5002 Recurrent Neural Network Memo

Difference with Neural Network

The output of RNN are passed to the next RNN network (internal variable).

Multilayer

Actually, these rnn can have multiple layers and multiple memory units.

Basic RNN

The basic rnn is simple. It use internal variable(s) as output variable(y).
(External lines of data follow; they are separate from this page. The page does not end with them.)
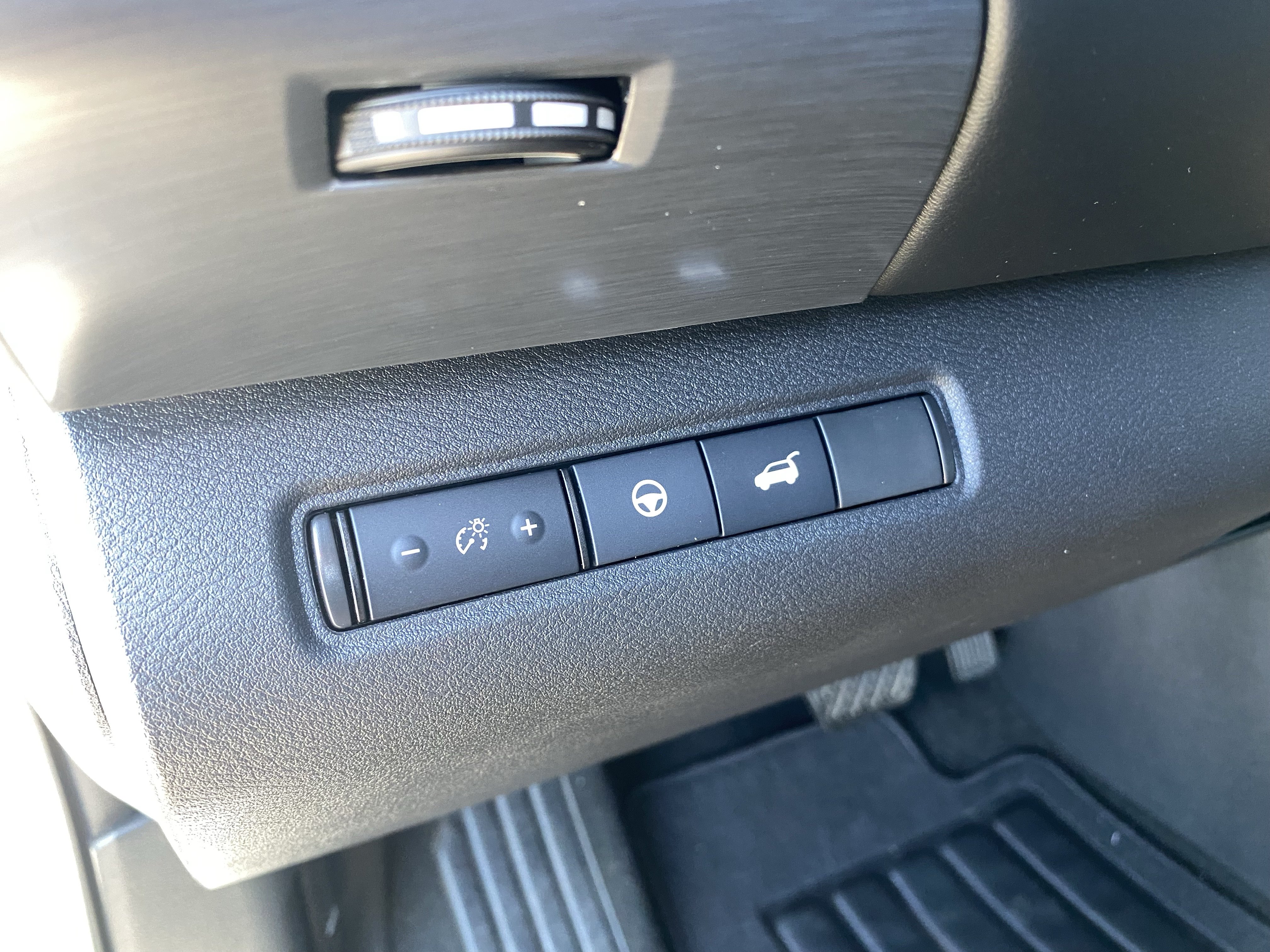 Used 2024 Nissan Pathfinder SL w/ SL Premium Package FWD image 23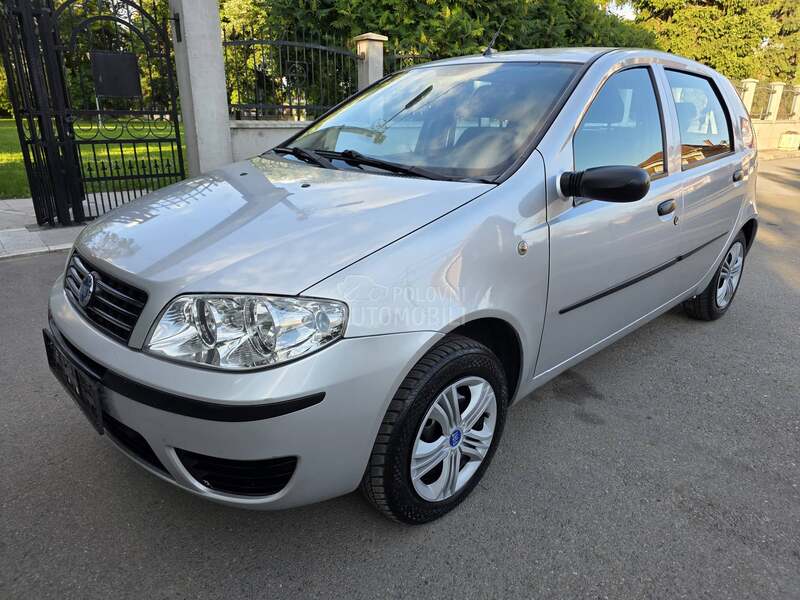 Fiat Punto BUKVALNO NOV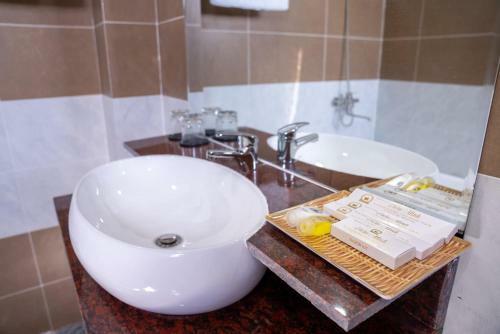 Hotel Kh�ch S?n Di?m Minh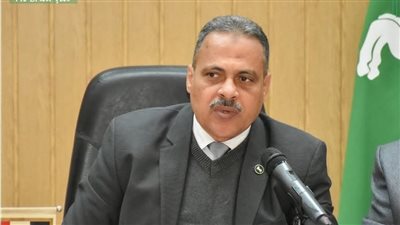 محافظ الشرقية يُجري حركة تنقلات لضبط العملية التعليمية وتحسين الأداء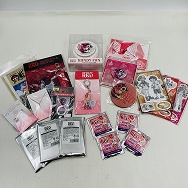 ワンピース ONE PIECE FILM RED 缶バッジ アクリルキーホルダー アクリルスタンド ミラー ウタ まとめ セット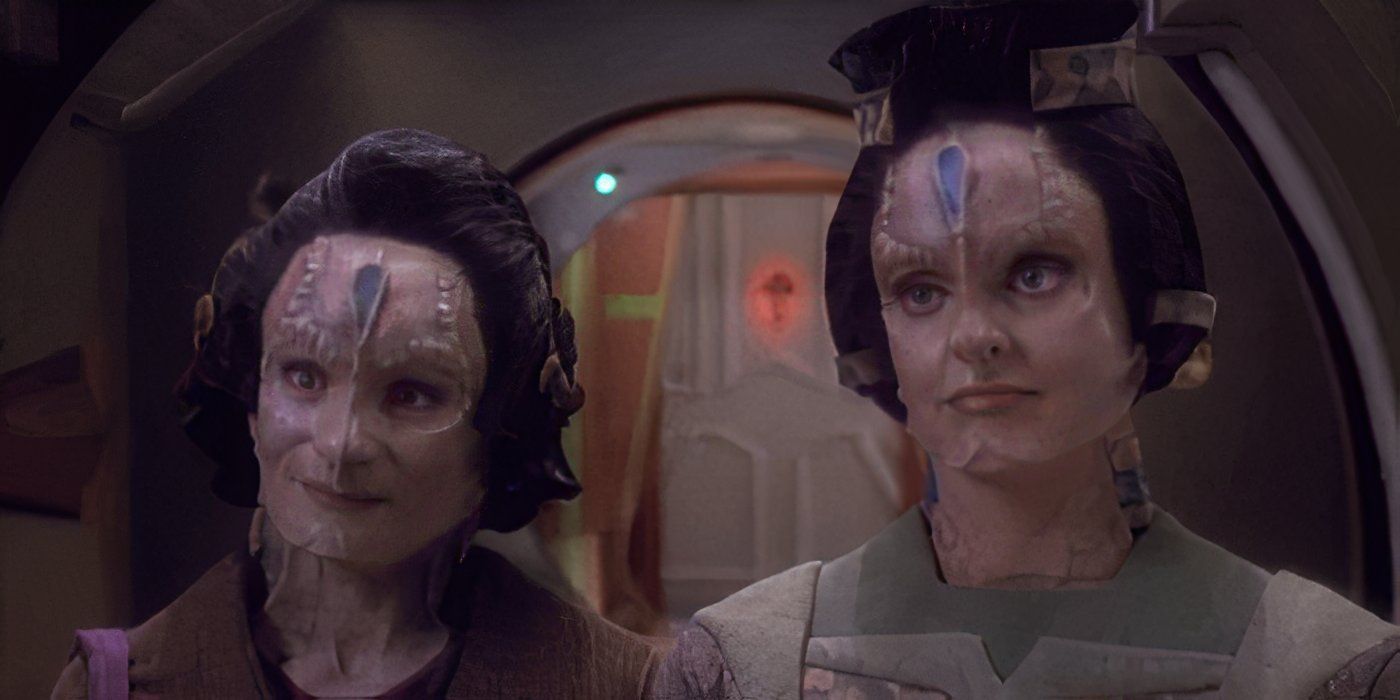 Ulani and Gilora in Star Trek_ DS9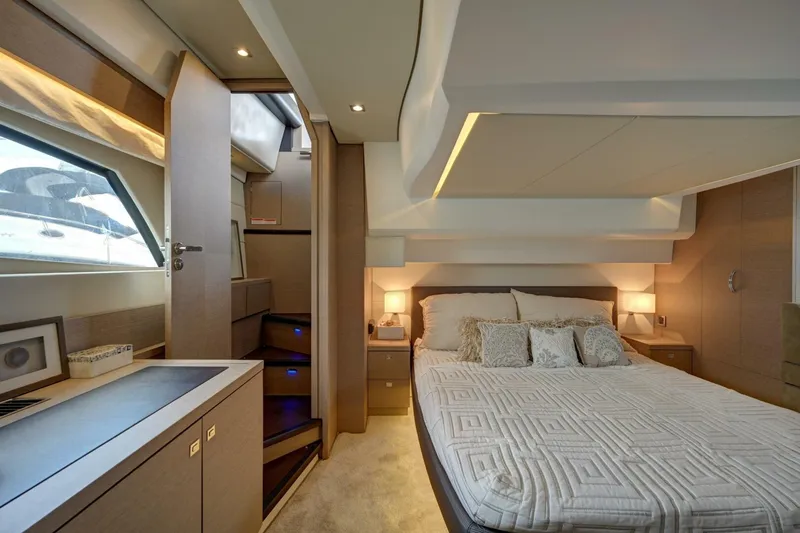 Lady Maro Yacht Photos Pics 2017 Prestige 500 S - Image 26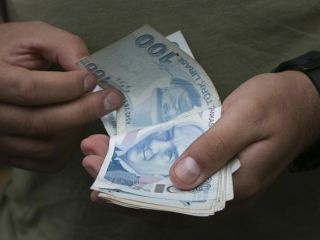 در ترکیه، کشور همسایه ایران حداقل حقوق ماهیانه چقدر است؟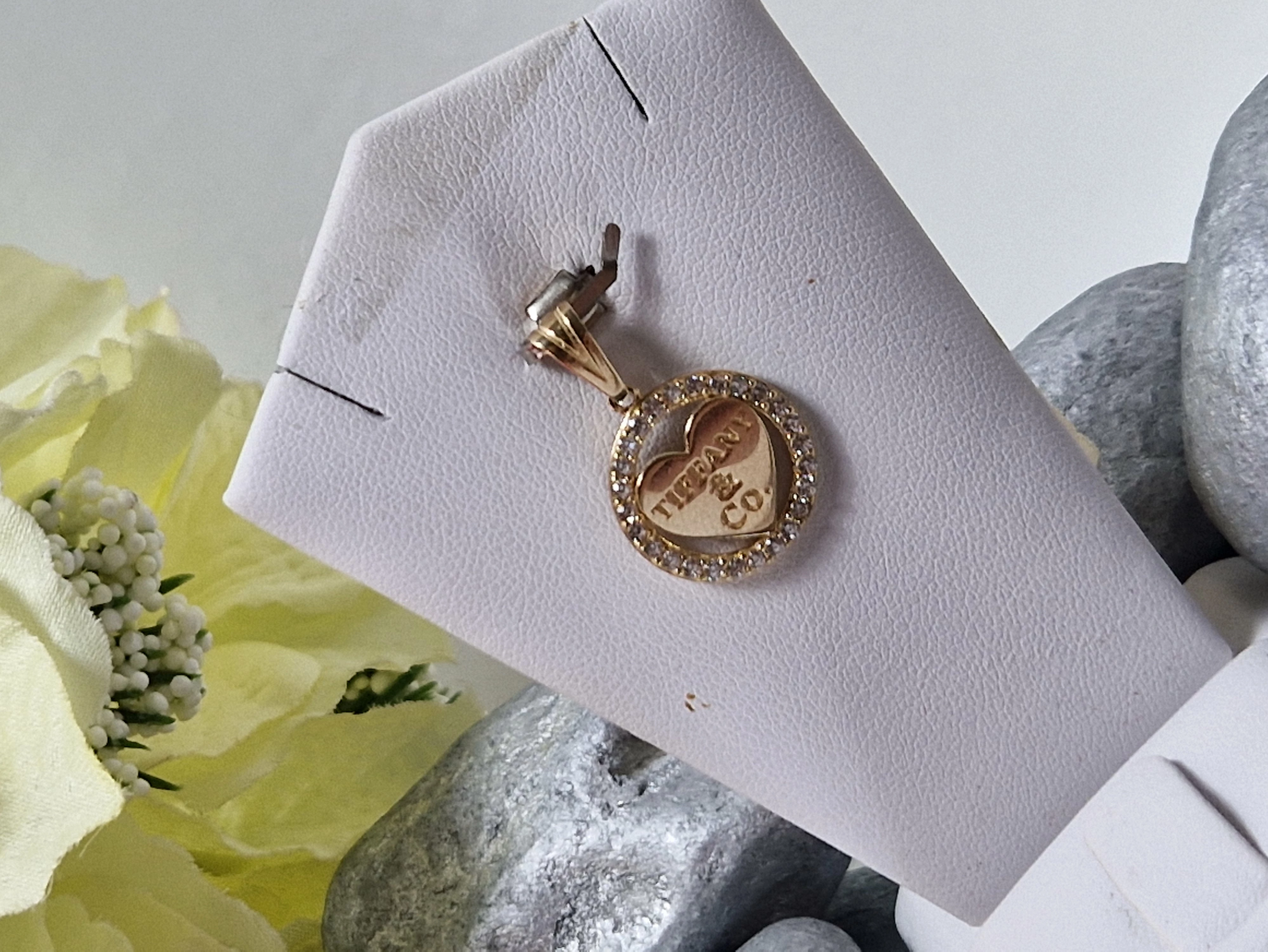 zlota-zawieszka-163585-okrag-z-cyrkoniami-w-srodku-serce-3-maja-105-dabrowa-gornicza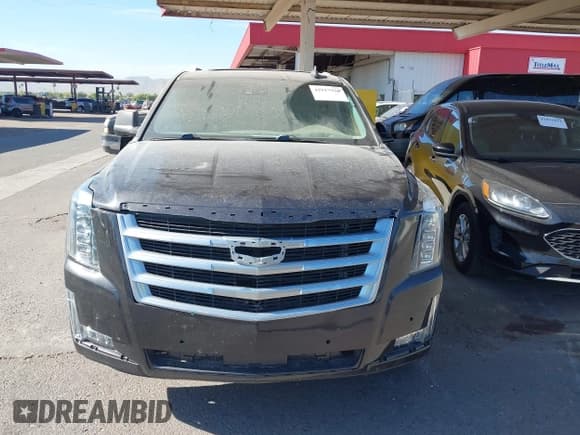 ✅ 2017 Cadillac Escalade Premium Luxury • VIN: 1GYS3CKJ4HR205040 • Лот: 42917930. Опубликован ранее на IAAI с пробегом 67 072 миль. Бесплатный доступ к архиву аукционных продаж из США и подробный отчёт об истории автомобиля на DreamBid. Изображение 6.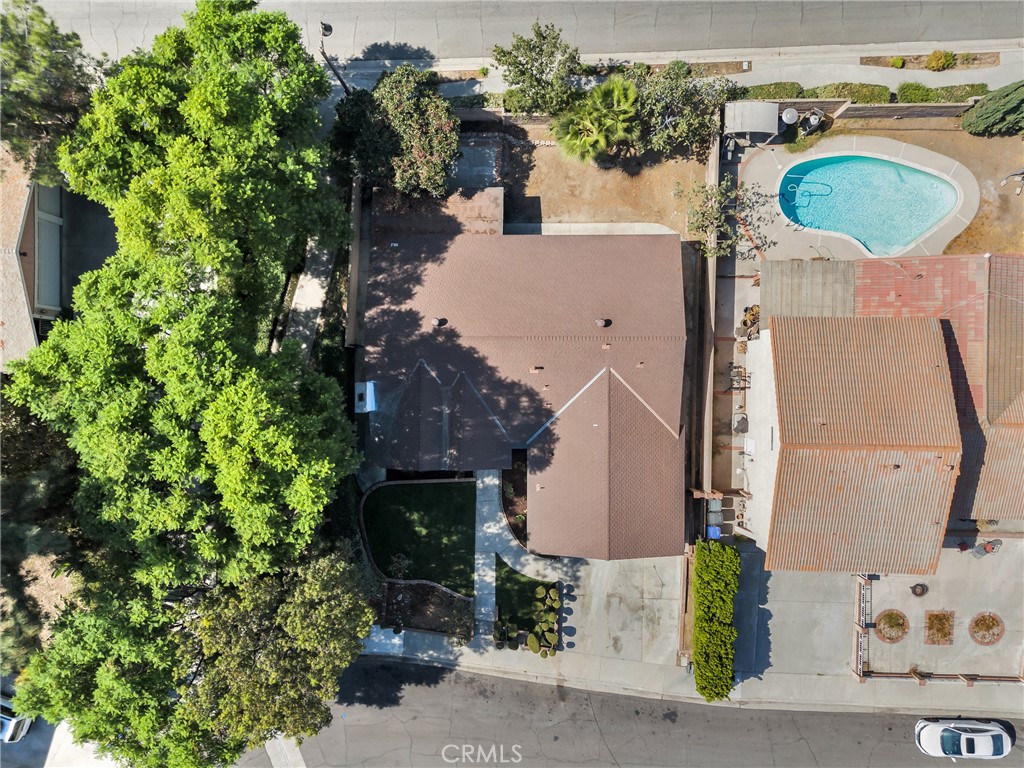 633 Royal View Street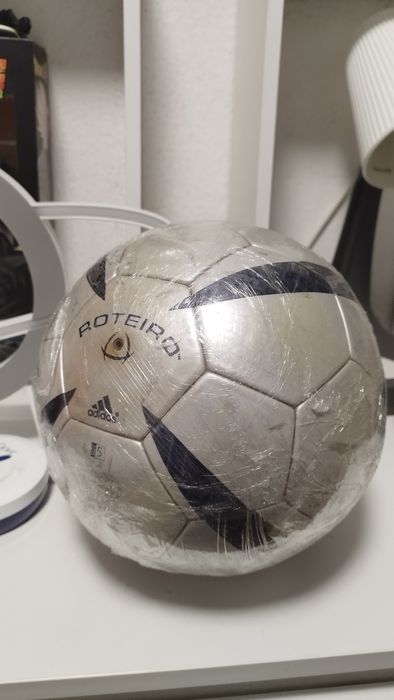 Bola adidas Euro 2004
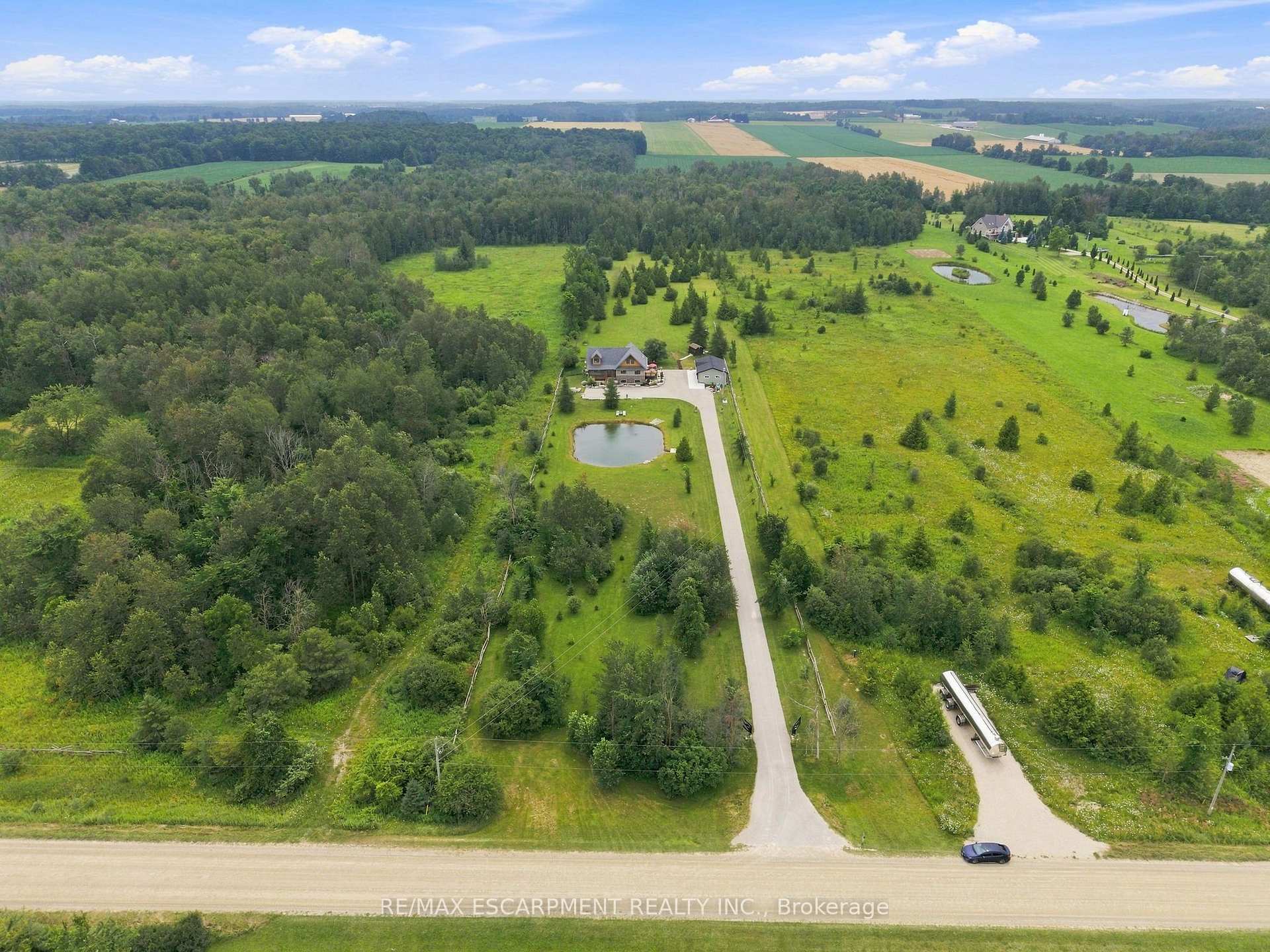 Photo 44 of 124288 Southgate Road 12, Southgate — HOMEH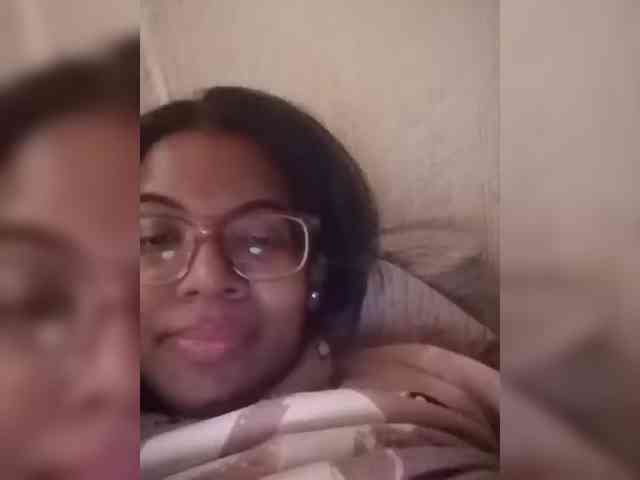 IndianBeaut webcam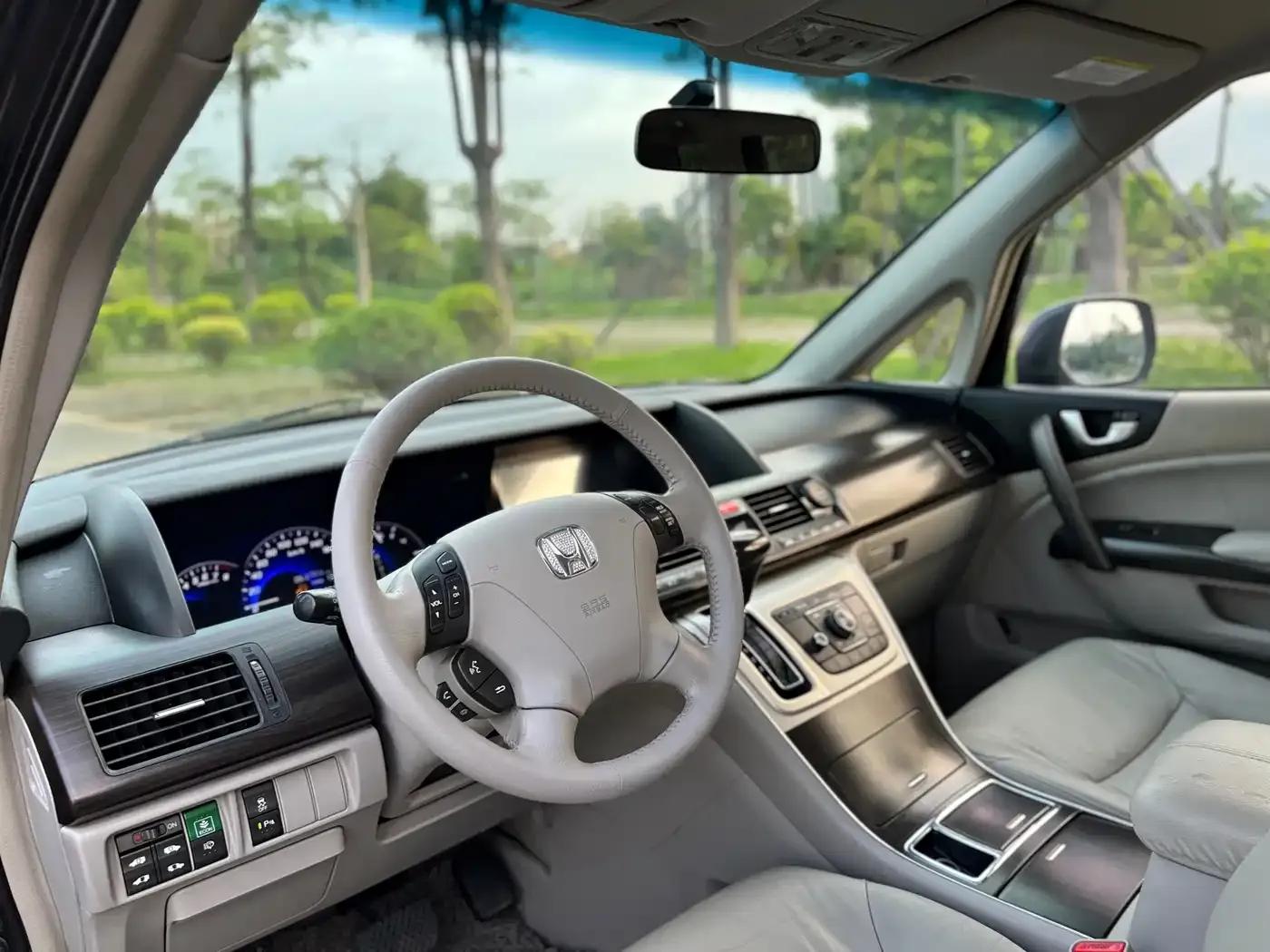 Elysion 2015 2.4L VTi-S Premium Edition — миниатюра 8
And the s can be calculated by using: $s_t = tanh(W [x_{t}, s_{t-1}] + b)$ $y_t = s_t$

LSTM

There are components:

  • internal variable to store memory
  • forget feature to forget some portion of internal variable
  • input feature to decide portion of input and strength of input
  • output feature to decide portion of output and strength of output

Some significant difference

First, the output and internal state previous are input, too.

Components and Framework

Component:

  • Forget gate (portion of memory)
  • Input gate (portion of input)
  • Input activatin gate (weight of input)
  • New internal state is Input(Input gate combine with Input activation gate + Forget gate combine with previous Internal state)
  • Output gate (portion of output)
  • Final output state gate (Multiplication of tanh internal state and Output gate) Formulas:
  • Forget gate$f_t = \sigma(W_f [x_t, y_{t-1}] + b_f)$
  • Input gate $I_t = \sigma(W_i (x_t, y_{t-1})+ b_i)$
  • Input Activation gate $a_t = tahn(W_a[x_t, y_{t-1}]+b_a)$
  • New internal state: $s_t = I_t \times a_t + s_{t-1}$
  • Output gate: $O_t = \sigma(W_o [x_t, y_{t-1}] + b_o)$
  • Final output: $O_t \times \tanh(s_t)$

Gated Recurrent Unit

Advantages

  • training time shorter due to simple architecture
  • few data point to capture properties
  • no interval variable

Key difference

No internal varible here, just use previous prediction y.

Component

  • Reset Gate: using previous prediction as reference to store memory. Portion of memory
  • Input activation Gate: just input activation gate
  • Output: Combine portion of predicted target and portion of the processed input variable. (ratio come from the update feature)

Summary

  • reset component
  • input activation component
  • update component
  • final output component

Formula

  • reset gate: $r_t = \sigma(W_r [x_t, y_{t-1}] + b_r)$
  • input activation gate: $a_t = \tanh(W_a [x_t, r_t \times y_{t-1}] + b_a)$
  • update gate: $u_t = \sigma(W_u [x_t, y_{t-1}] + b_u)$
  • final output: $y_t = (1-u_t) y_{t-1} + u_t a_t$